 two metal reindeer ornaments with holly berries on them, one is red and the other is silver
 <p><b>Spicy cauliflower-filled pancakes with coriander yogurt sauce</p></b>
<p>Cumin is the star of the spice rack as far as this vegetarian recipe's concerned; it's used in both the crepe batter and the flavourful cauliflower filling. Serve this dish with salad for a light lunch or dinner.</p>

...

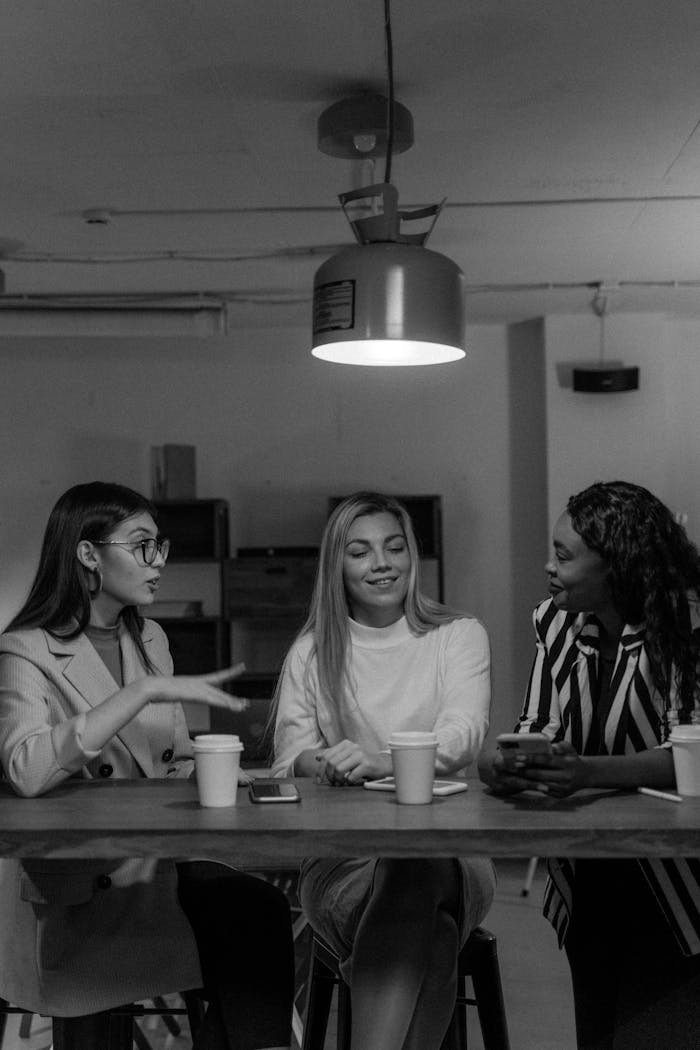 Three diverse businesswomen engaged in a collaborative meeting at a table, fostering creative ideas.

---

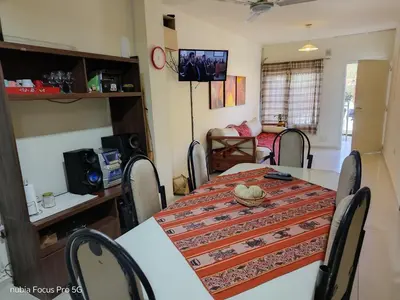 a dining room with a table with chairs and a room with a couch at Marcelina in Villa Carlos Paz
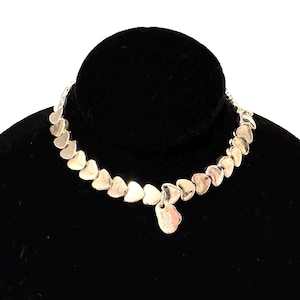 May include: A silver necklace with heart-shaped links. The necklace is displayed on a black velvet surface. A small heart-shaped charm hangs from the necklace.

▶ [EXERCISE PROMPT]:
The stretch of entries above that starts with the line containing "two metal reindeer" and goes on through the line containing "<p>Cumin is the" is to be transcribed exactly, and no other line is to be transcribed.

▶ [WRITTEN RESPONSE]:
 two metal reindeer ornaments with holly berries on them, one is red and the other is silver
 <p><b>Spicy cauliflower-filled pancakes with coriander yogurt sauce</p></b>
<p>Cumin is the star of the spice rack as far as this vegetarian recipe's concerned; it's used in both the crepe batter and the flavourful cauliflower filling. Serve this dish with salad for a light lunch or dinner.</p>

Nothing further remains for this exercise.